By contrast, other firms are prepared to align more closely with one side or the other. South Korean biotech firms, for example, are collectively divesting from China because they anticipate that the sector is in the crosshairs of US regulators. While this may dent their market share, it may also afford them opportunities to receive political patronage and subsidies. Chip maker Intel planned to ramp up investment in China until 2021, when it abandoned plans to invest in Chengdu following talks with the Chinese Ministry of Commerce. Since then, it has begun to invest more heavily in its home US market and allied states. It apparently expects to receive subsidies and support in exchange – it recently promised to build a chip factory in Magdeburg. However, it is demanding significantly more than the 6.8bn EUR in subsidies already promised by the Federal Ministry for Economic Affairs and Climate Action.

Geostrategic decoupling will likely intensify the global economy's fragmentation in the coming years. In this context, footloose profit-seeking MNCs will be further displaced as the key shapers of the geography of production. Rather than responding simply to market signals, MNCs will be forced to adapt to the demands of a plethora of political actors. The governments of the US and China are at the apex of this emergent political economic order. Still, less powerful states, regional governments, and even municipalities will develop regulatory regimes that reshape global production networks and the spatial division of labour. In some cases, these regulatory orders will be in conflict across sectors. A country may adhere to the US export ban on semiconductor technology while its telecommunications hardware remains underpinned by Huawei hardware. The IMF refers to this as ‘coordination frictions.’ These frictions prevent the world from splitting into two somewhat insular blocs, but they will not forestall the emergence of a new international division of labour. A Second Cold War, then, is already being waged – in economic ministries, boardrooms, and on factory floors.
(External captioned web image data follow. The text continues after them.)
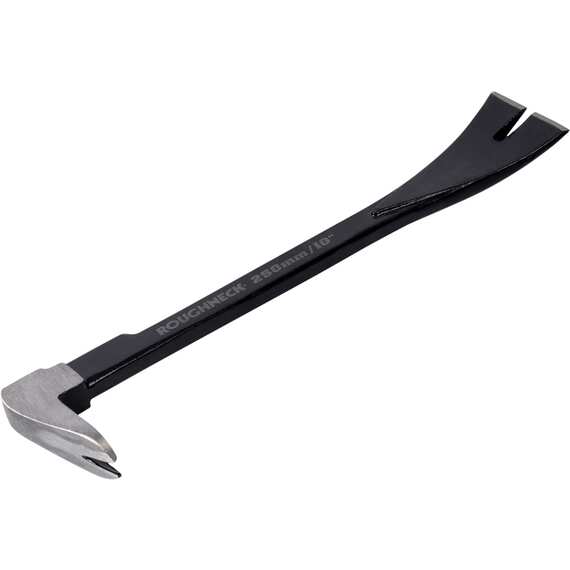Roughneck digging bar 1.83m (72in) chisel and point 7.5kg model 64-532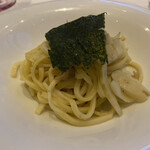 リストランテ　ウミリア - 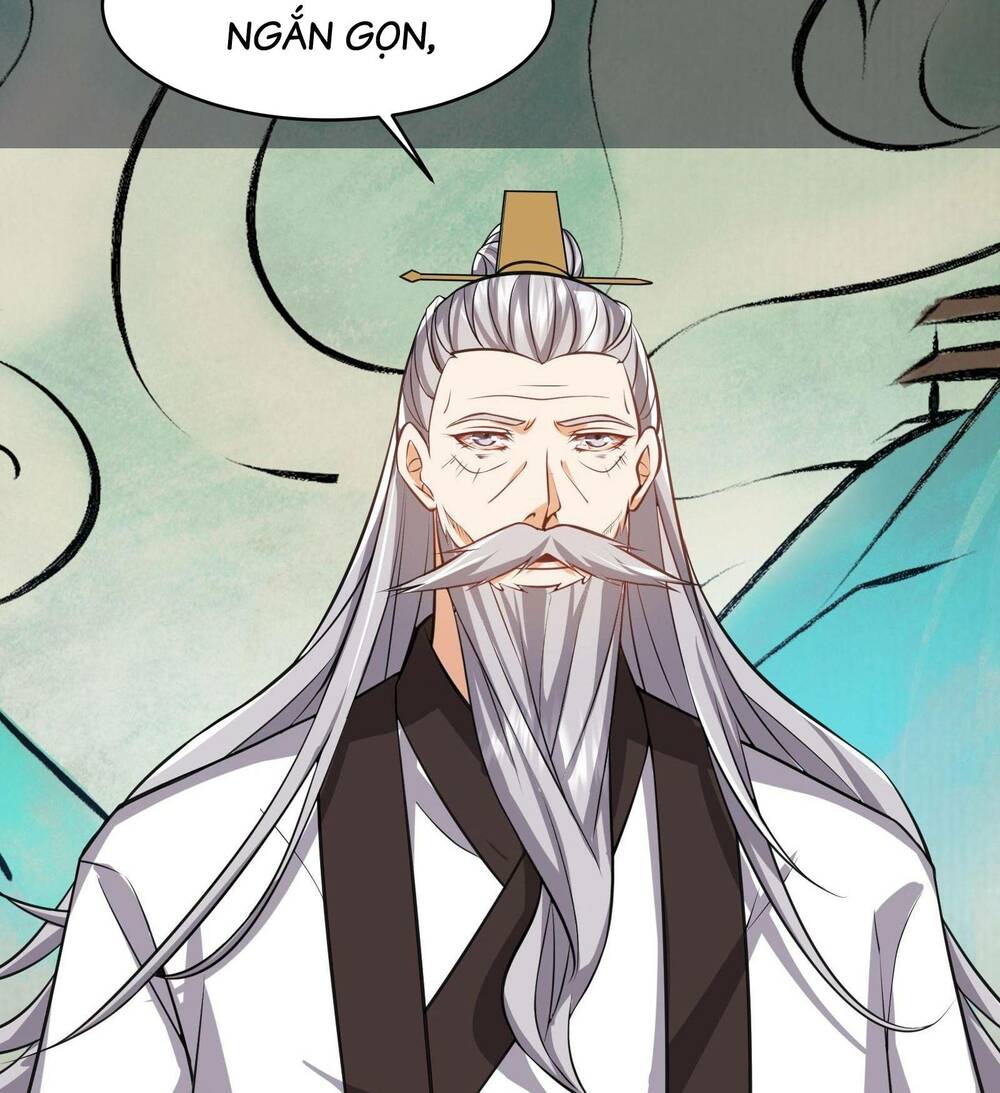 Đại Lão Tu Tiên Bắt Đầu Bằng Tâm Trí: Chapter 5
Steve ROLF is an ESRC Research Fellow at the Digital Futures at Work Research Centre at the University of Sussex. He is a political economist and examines the digitalisation of economies, transformations of work, the rise of platforms, and the territorial and political implications of these changes. 

Seth SCHINDLER is a Senior Lecturer in Urban Development and Transformation at the Global Development Institute, University of Manchester. His work examines large-scale urban and regional transformation initiatives that integrate cities into transnational urban systems. He is a co-founder of The Observatory.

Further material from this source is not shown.